Ronald Harwood’s WWII Double Opens at Duchess

As previously tipped (See The Goss, 12 Nov 2008), Ronald Harwood’s two Second World War plays, 1995’s Taking Sides and Harwood’s new play Collaboration, will transfer this spring to the West End’s Duchess Theatre, where they are scheduled to run in rep from 20 May to 22 August 2009.

The plays were first presented together last July at Chichester Festival’s Minerva Theatre and will return there for a short stint, from 28 April to 16 May, ahead of the London transfer. Though standalone stories, the plays were written as companion pieces, both exploring the fine line between collaboration and betrayal during the Second World War.

Taking Sides and Collaboration are both directed by Chichester associate director Philip Franks and star Michael Pennington (pictured) as, respectively, conductor Wilhelm Furtwangler and composer Richard Strauss, two men wrangling with Nazism.

The cross-cast company reprising their performances also features David Horovitch and Isla Blair, along with Pip Donaghy, Martin Hutson, Melanie Jessop and Sophie Roberts.

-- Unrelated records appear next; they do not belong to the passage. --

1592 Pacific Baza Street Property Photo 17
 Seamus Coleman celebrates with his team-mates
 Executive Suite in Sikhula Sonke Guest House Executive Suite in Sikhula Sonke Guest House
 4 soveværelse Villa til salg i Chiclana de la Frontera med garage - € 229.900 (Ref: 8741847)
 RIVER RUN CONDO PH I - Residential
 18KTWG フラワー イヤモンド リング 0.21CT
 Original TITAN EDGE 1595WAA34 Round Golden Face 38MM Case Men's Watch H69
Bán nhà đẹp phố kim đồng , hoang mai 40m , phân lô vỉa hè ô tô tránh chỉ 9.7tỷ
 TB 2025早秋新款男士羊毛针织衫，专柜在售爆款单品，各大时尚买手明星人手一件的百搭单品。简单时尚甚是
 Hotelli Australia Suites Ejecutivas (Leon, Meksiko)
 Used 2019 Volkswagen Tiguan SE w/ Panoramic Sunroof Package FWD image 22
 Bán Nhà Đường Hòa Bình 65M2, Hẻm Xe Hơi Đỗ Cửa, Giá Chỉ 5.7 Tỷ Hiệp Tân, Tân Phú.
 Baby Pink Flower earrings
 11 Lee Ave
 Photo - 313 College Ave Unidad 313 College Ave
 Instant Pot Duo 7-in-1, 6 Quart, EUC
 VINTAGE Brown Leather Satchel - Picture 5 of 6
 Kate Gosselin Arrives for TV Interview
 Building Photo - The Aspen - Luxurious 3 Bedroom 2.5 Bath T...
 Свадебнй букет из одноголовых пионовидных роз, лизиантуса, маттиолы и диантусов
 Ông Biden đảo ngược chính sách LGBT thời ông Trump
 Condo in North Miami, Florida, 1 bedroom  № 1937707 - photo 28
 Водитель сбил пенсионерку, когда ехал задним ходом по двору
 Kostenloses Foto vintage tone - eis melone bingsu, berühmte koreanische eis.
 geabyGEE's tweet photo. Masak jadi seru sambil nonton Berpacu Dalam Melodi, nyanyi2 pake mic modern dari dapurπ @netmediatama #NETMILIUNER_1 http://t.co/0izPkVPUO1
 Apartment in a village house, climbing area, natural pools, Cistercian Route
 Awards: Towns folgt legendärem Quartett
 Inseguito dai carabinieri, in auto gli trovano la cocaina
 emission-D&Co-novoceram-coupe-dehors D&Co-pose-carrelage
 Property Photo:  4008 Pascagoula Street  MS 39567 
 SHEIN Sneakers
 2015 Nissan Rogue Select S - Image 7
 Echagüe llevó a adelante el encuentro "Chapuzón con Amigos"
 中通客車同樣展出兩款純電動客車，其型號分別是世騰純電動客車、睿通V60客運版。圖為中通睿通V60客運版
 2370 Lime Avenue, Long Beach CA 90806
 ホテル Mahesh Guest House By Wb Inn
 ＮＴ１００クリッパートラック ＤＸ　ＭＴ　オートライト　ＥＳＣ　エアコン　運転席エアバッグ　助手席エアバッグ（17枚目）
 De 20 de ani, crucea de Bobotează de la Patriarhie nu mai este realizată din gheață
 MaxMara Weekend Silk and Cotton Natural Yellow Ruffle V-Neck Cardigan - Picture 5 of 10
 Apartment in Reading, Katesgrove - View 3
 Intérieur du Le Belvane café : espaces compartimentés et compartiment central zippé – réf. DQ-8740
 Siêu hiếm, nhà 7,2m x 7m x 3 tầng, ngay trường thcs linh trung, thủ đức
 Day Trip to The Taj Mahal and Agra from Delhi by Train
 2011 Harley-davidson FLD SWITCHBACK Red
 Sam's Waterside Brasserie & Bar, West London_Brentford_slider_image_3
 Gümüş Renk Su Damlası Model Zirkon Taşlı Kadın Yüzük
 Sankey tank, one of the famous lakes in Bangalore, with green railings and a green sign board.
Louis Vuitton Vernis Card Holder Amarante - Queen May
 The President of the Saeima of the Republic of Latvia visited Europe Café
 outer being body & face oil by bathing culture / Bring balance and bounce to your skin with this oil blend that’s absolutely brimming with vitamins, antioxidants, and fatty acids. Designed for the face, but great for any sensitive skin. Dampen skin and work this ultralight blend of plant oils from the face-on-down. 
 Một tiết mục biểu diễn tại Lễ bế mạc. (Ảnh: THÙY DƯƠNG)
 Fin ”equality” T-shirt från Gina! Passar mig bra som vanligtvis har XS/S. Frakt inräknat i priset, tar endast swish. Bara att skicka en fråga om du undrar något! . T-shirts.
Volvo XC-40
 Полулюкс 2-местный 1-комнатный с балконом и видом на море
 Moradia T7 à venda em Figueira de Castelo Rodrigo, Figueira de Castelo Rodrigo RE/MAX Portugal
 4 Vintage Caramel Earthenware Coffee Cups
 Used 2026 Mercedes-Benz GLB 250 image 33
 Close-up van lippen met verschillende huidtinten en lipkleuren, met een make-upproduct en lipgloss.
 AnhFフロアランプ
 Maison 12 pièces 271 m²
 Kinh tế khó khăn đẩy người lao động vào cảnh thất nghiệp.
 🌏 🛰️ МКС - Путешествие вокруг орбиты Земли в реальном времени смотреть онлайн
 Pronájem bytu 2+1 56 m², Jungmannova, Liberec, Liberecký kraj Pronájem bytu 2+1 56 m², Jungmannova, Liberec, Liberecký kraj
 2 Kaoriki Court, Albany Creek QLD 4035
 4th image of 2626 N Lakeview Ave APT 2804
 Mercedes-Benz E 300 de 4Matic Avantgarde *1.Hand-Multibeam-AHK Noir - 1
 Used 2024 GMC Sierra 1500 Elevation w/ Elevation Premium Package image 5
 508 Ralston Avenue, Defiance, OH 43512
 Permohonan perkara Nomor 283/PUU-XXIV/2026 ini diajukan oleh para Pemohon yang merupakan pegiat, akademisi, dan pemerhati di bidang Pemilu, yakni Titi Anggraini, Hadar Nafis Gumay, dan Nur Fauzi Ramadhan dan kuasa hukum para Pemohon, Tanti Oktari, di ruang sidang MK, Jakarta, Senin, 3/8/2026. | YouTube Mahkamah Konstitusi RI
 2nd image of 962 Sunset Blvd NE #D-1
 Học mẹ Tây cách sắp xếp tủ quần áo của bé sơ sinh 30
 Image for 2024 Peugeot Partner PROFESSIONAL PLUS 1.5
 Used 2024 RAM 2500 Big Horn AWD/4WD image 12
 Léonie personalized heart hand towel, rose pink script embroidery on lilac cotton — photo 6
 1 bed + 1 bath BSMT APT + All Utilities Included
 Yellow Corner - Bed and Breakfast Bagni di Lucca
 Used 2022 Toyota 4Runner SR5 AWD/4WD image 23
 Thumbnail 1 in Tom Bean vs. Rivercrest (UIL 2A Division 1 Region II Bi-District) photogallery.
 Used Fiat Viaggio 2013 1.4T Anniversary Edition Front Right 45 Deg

Harwood’s best-known play, 1980’s The Dresser, was revived at the Duke of York’s Theatre in 2005, but his last new play in the West End was Mahler’s Conversion, which starred Antony Sher at the Vaudeville in 2001. Last year, his play An English Tragedy, also set during the Second World War, premiered at Watford Palace (See News, 16 Jan 2008).

Currently previewing at the Duchess, Evening Standard critic Nicholas de Jongh’s debut play Plague Over England opens on 23 February and continues until 16 May, starring Michael Feast as John Gielgud and Celia Imrie as Sybil Thorndike, directed by Tamara Harvey.